Updated: May 13, 2021

Warning: Architects in Tractors are Closer Than They Appear.


I am often asked about my experience designing and physically building my own house with my own bare hands from the ground up. I've decided that the story is worth telling and that this blog on my website is the perfect venue to catalog the story. So this post will be the first of many over the coming weeks. It's a unique story but it's spirit is universal and I feel that sharing it might inspire others to make the leap and build their dream, whatever that dream is, and enjoy their dream now. Later never comes, and as Louis Prima said "...it's later than you think!" So here's our story on how to design and build a custom home. I hope you enjoy it as much as we did living it.


In 2007 my soon to be wife and I bought property in Placitas, New Mexico with the intention to build our own custom home. At that point I had been out of the Architecture Graduate Program for two years. During that two years I had been working for Bart Prince during the day and continuing to work at the tattoo shop at night. I had been tattooing for years, previous to and all through Graduate school. It was a lot of long hours working for Bart and the tattoo shop, but I like to keep busy and I had a new family and ambitions that needed the funds. I like to joke that tattooing paid for my early and insatiable architecture habit. Doing this project meant that I was going to have to give up working at Bart's studio once I began construction on my own house. I was going to have to build during the day and tattoo at night to pay for this endeavor. Leaving my position at Bart Prince's studio was not easy but he assured me I was going to get far more valuable and experiential knowledge doing my own construction project than I ever would have received working at his studio. As usual, he was right.


My wife and I found the property on a snow day. Everything was shut down for the storm, but we knew the property we found would not last long on the market and we had to act fast. The owner of the property had lowered the price for a quick sale the day we found it. The site was perfect for us; a great south facing slope facing a deep arroyo with seasonal water flow and a great view of the Sandia Mountains. Surprisingly the property was right next door to the property for which I had done the design for my Master's Thesis Project. Serendipity! We needed to get a broker and make an offer immediately before some developer scoffed up the land. As I mentioned, nobody wanted to answer the phone that day as it was a snow day. After dozens of calls I was finally able to reach one of my tattoo clients who had been a real estate broker for years and, subsequently, a recently transitioned transvestite. She was a great help and we were able to secure the property just hours before another interested party. This was just before the financial crash of 2008 and properties were selling fast and furiously in those days. We were thrilled. I had done plenty of construction in the days before tattooing and graduate school, so I knew there was a lot of hard work to come, but I had never been more excited to work so hard.
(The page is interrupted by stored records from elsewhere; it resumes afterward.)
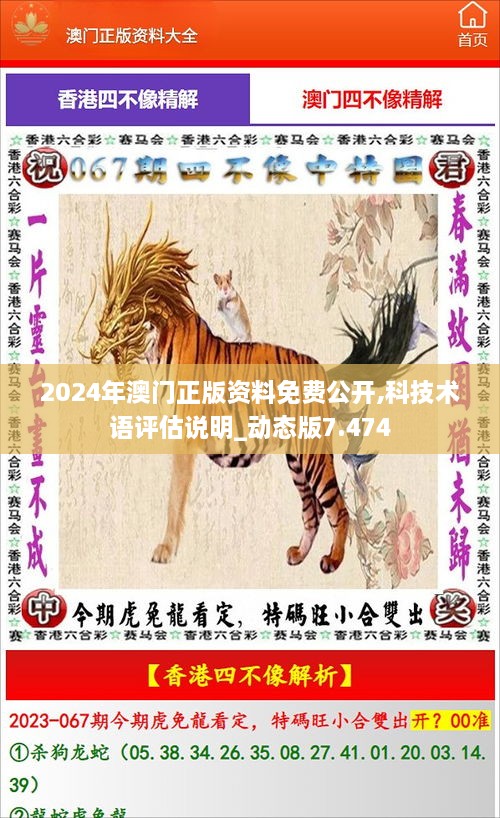 2024年澳門正版資料免費(fèi)公開(kāi),科技術(shù)語(yǔ)評(píng)估說(shuō)明_動(dòng)態(tài)版7.474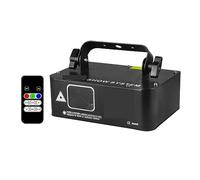 500mw RGB Beam Line Scanner Projector DJ Disco Stage Lighting Effect Dance Party Wedding Holiday Bar Club Luci(With Remote)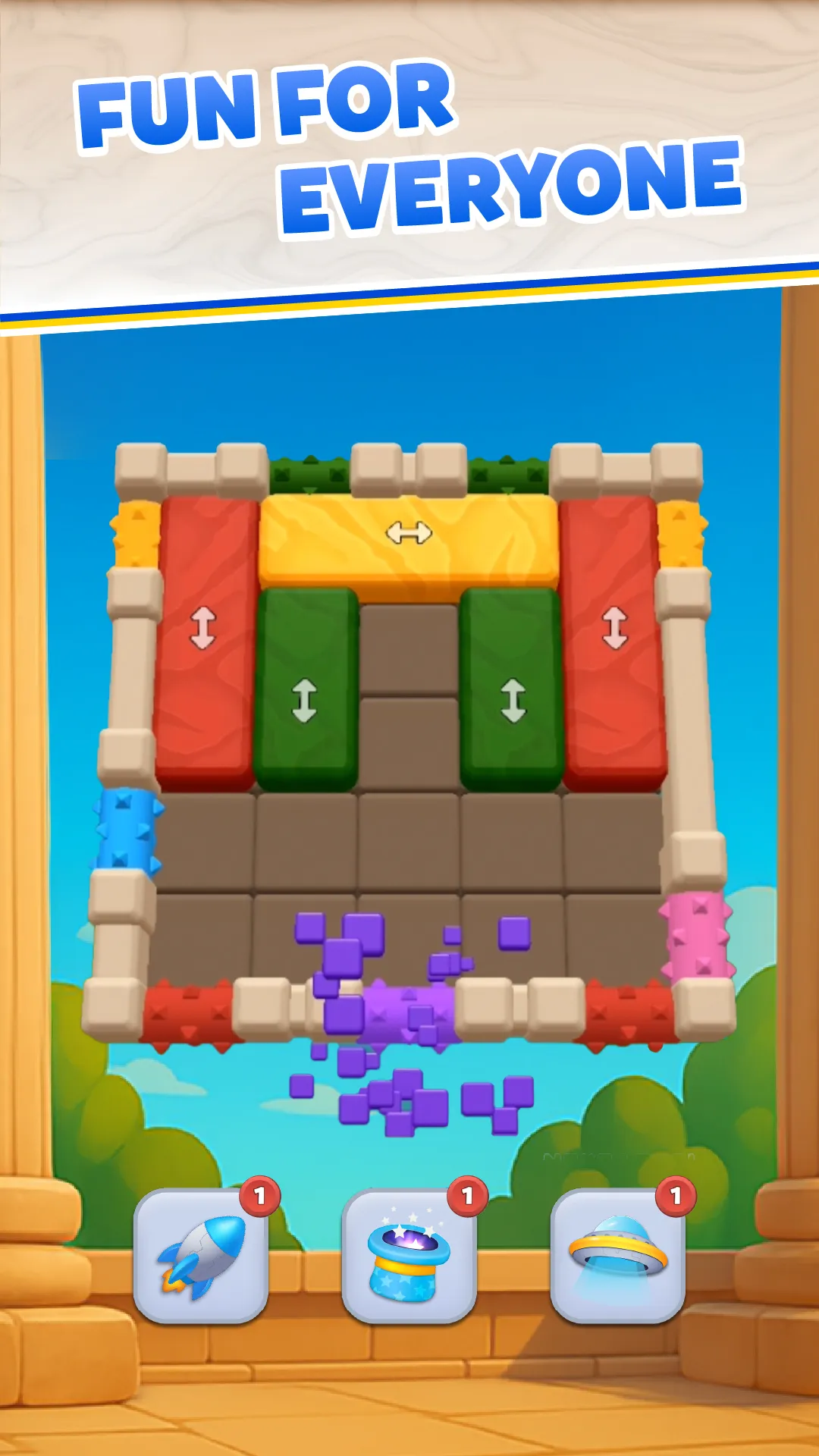 Smash Block | Indus Appstore | Screenshot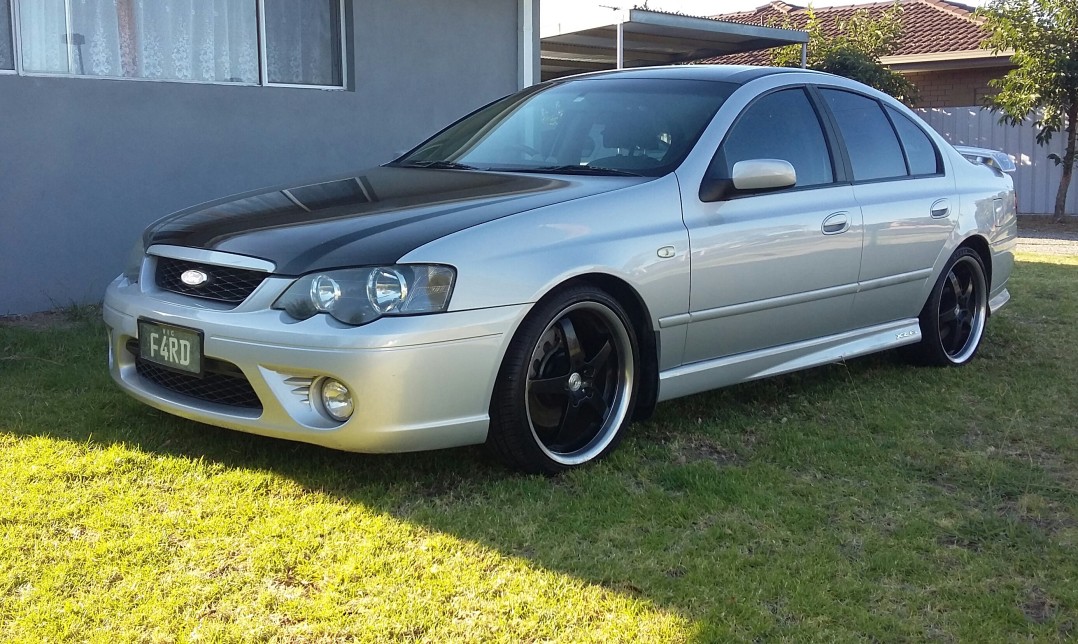 2006 Ford BF XR6T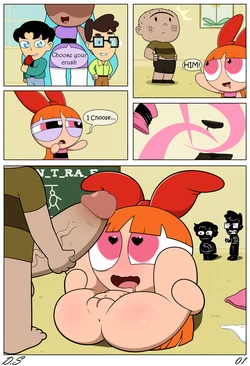 [delta0shadow] Blossom Crush (Powerpuff Girls)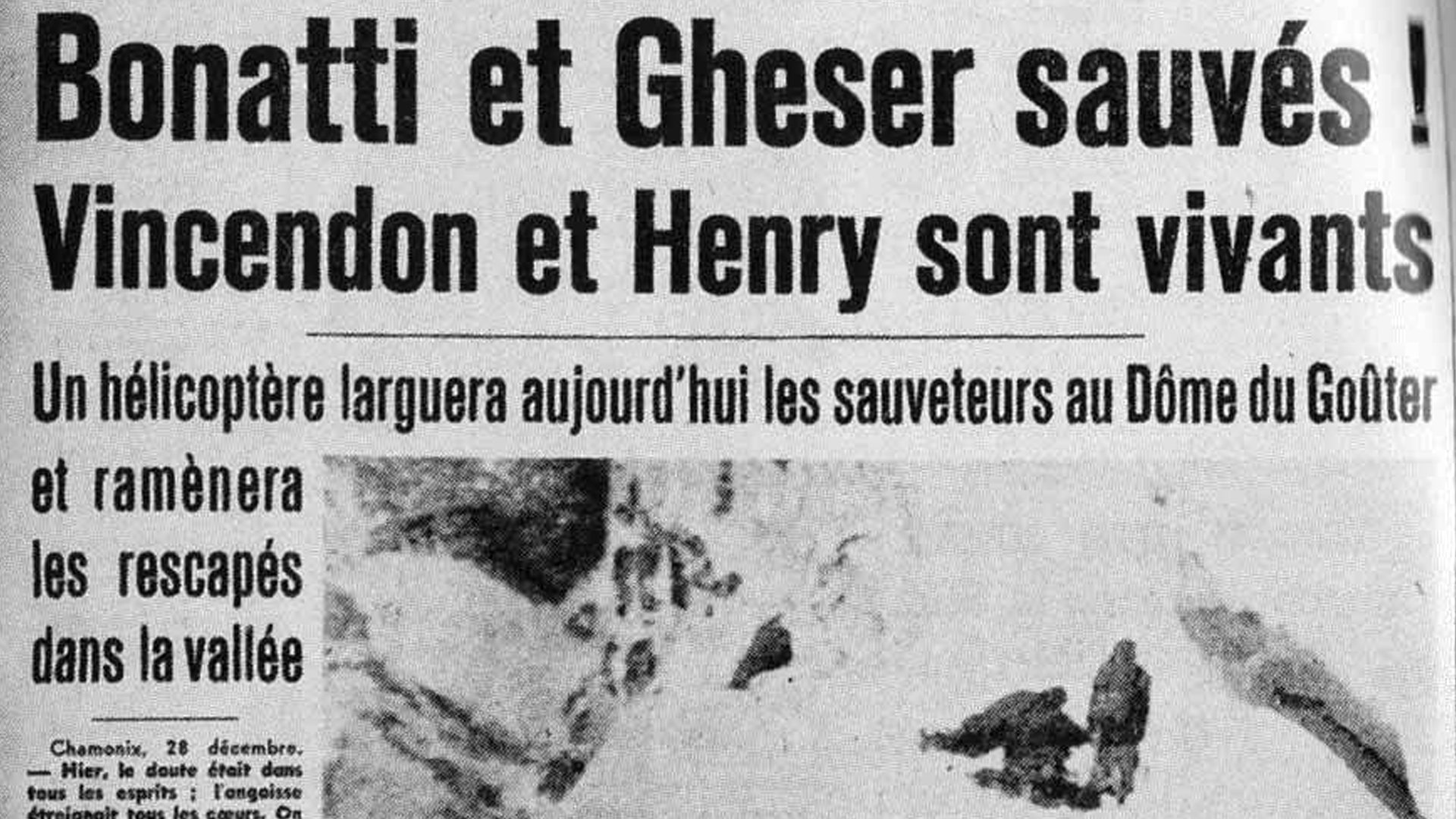 The Castaways Of Mont Blanc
In the coming months I would work harder than I had ever worked in my life. Looking back, those were to be the most physically taxing days I had ever been through but I can say without any reservations whatsoever that it was entirely worth every effort. To this day we still marvel at what we were able to accomplish with such limited funds and limited help. Really? We were going to build a custom home on a teacher and tattoo artist's salaries using almost exclusively my labor efforts?!?..... Yes! Yes we were! What we lacked in financial means, I knew I could make up for with style and an unwavering determination. I wanted a home for my new family and I wanted to be able to tell clients, yes, I design creative architecture AND I know how to build it. It was not easy, but looking back I loved every minute of it. The effort required a steadfast spirit that is best represented by the attached picture to this post. There was a heavy equipment rental place just seven miles from our property. We had rented a small casita nearby to the property and I would ride my bike to the equipment rental place. It was cheaper in gas than the delivery charge for me to drive tractors to the job site so I would ride my bike to the equipment rental place, throw my bike in the bucket of the tractor and drive to start carving the earth to build our new home.And that's what you see in the picture. It was day one of tractor work. It was winter and so it was snowy. It was cold in the cab but I couldn't have been happier or more excited. As a project may sometimes require, I will still do construction. However, these days I mostly stick to design. However, that spirit, that thrill, that unadulterated joy I experienced building our home has remained with me as I begin every new design to this day.